• [Information supplied]:
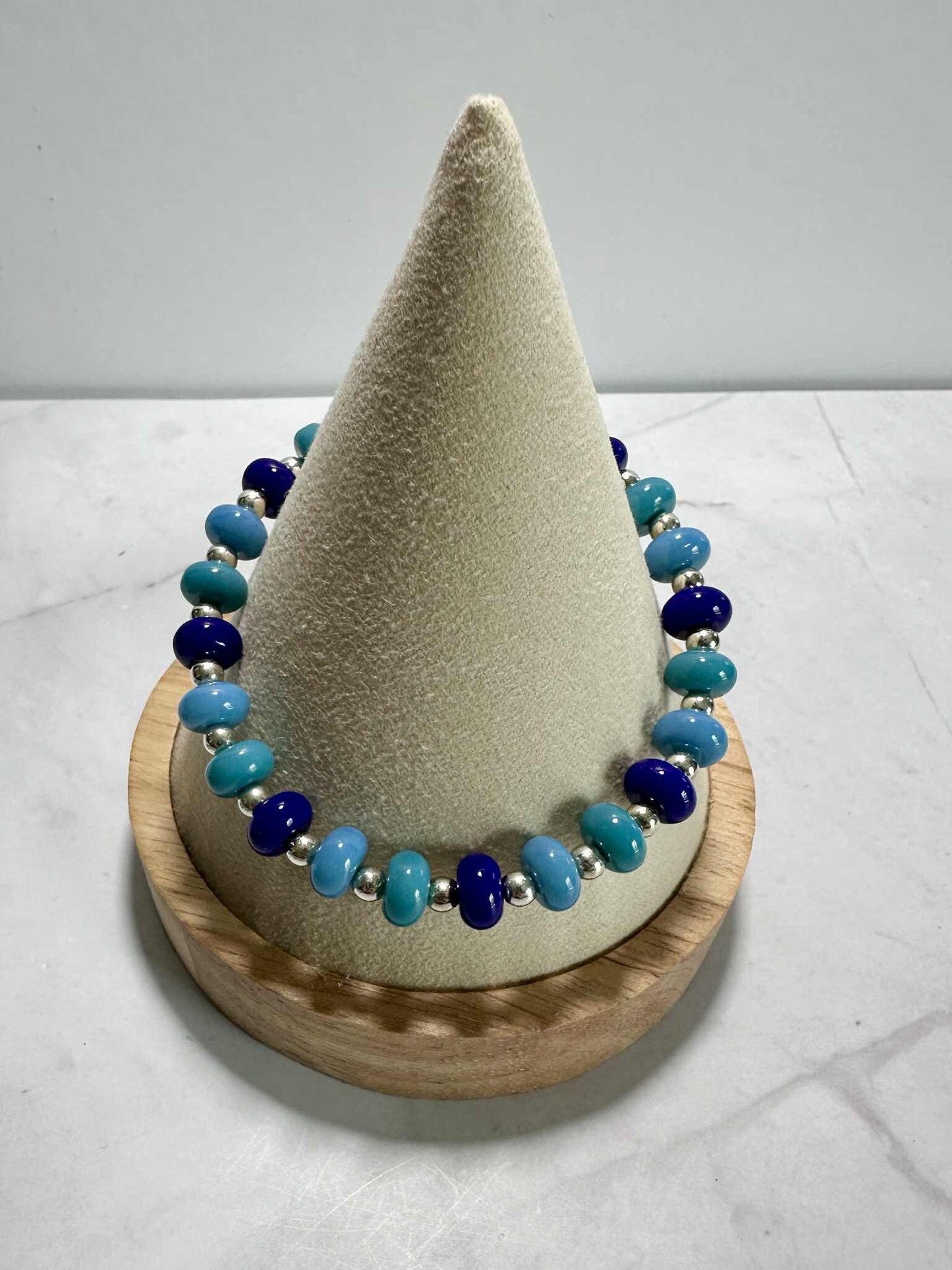Ocean Mist Glass Beaded Stretch Bracelet - Handmade Silver Accents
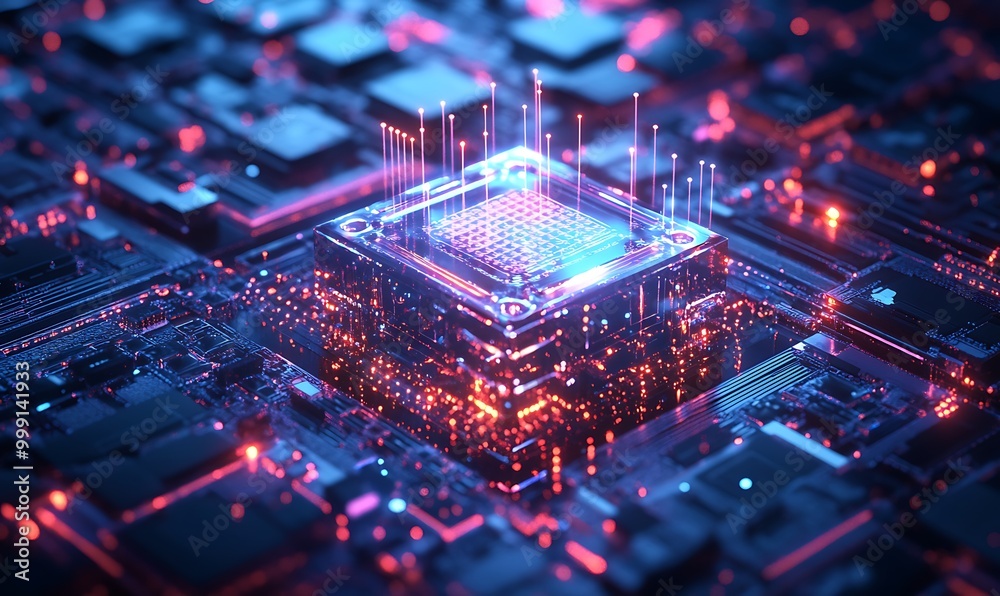 Poster Futuristic Quantum Computing Concept with Holographic Processor and Glowing Data Streams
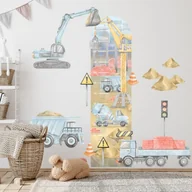 Wyposażenie pokoiku dziecięcego - Naklejka ścienna wielka niebieska budowa - miarka wzrostu - miniaturka - grafika 1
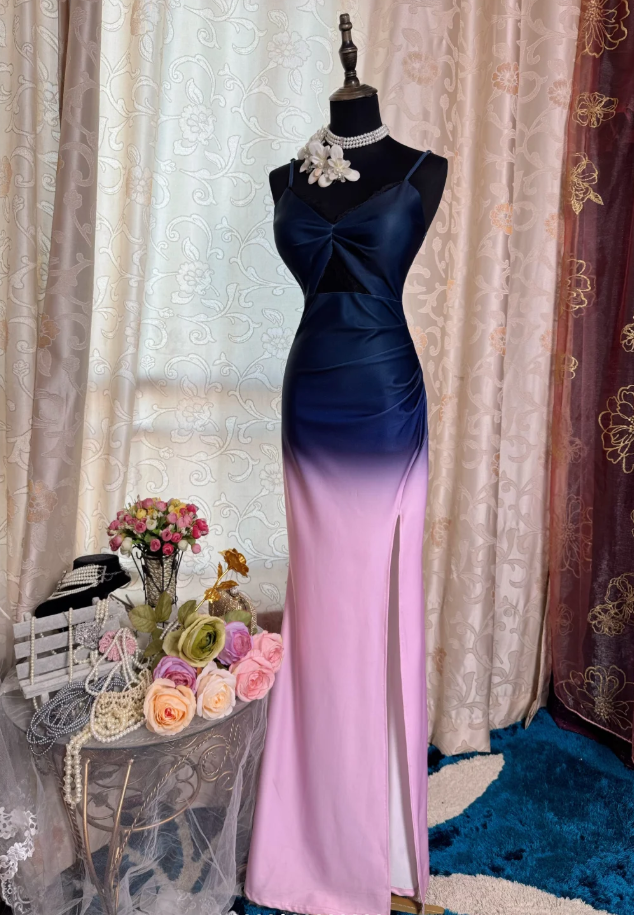 Unique Spaghetti Straps Navy Blue Ombre Pink Satin Slit Mermaid Evening Dress Long Birthday Prom Gowns SP1892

• [Your task]: Return, exactly as they stand, the lines above from the one with "Poster Futuristic Quantum" to the one with "Wyposażenie pokoiku dziecięcego", omitting any pictures among them.

• [Written solution]:
 Poster Futuristic Quantum Computing Concept with Holographic Processor and Glowing Data Streams
 Wyposażenie pokoiku dziecięcego - Naklejka ścienna wielka niebieska budowa - miarka wzrostu - miniaturka - grafika 1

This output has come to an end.